Comparing codes A [ j-1], codes B [ j ], codes B [ j+1], and adding the minimum codes to the current point codes, namely filling the current codes on the corresponding columns in the A array, updating codes A [ j-1], codes B [ j ], codes B [ j+1], and changing the minimum codes of the continuous codes, namely D [ codes ], into the minimum codes in the continuous codes, and meanwhile, the value of C [ codes ] is +1.

If the codes A [ j-1], B [ j ], and B [ j+1] are all-1 around the current point, the failure type code of the current point is the maximum failure type code +1;

sixth step: updating the value of the array A into the array B, and so on to complete the traversal of each line of data points.

The second traversal operation is as follows:

The step of the first traversal can traverse how many failure point clusters exist, and the connection relation among the failure point clusters; and repeating the first step of operation, sequentially judging the failure type code of the current point, and updating the current point into the numerical value in the D code.

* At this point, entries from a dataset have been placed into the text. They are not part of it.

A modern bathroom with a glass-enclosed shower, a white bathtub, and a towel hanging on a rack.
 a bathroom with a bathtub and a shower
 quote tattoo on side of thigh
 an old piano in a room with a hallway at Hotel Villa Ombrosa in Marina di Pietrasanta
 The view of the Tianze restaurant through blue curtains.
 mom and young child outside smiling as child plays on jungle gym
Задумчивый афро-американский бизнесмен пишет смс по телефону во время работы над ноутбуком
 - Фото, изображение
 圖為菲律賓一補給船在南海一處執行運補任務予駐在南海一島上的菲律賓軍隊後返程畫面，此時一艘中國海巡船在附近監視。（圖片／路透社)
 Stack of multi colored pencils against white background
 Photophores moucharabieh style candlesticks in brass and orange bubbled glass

The method of the embodiment is adopted to perform failure point coding, and only the small arrays A and B and the controllable dynamic arrays C and D are needed to be created. And traversing the pictures for two times to finish the cluster coding of the failure points. And each time the judging process is executed, the data points are operated by only taking the array subscripts, and the process is faster in the CPU processing process.

In an exemplary embodiment, by using the failure point analysis method of the present application, the memory cells of four rows and eight columns shown in fig. 7 are traversed to obtain the failure point cluster coding result shown in fig. 3, which includes the following steps:

Step S1, traversing the data points in the memory unit row by row, determining failure type codes of the data points, and constructing a relation array. The method specifically comprises the following steps:

Step S11, traversing the first row.

1. When traversing the first column, the current data point is the failure point and no failure point is the first failure point, and then the failure type code of the current data point is 1, and then the first array A (1,,,,) and the element C1 corresponding to the failure type code 1 in the third array C are=1, and the value of the element D1 corresponding to the failure type code 1 in the relation array D is a default value-1, which indicates that the failure point corresponding to the failure type code 1 has no adjacent failure point.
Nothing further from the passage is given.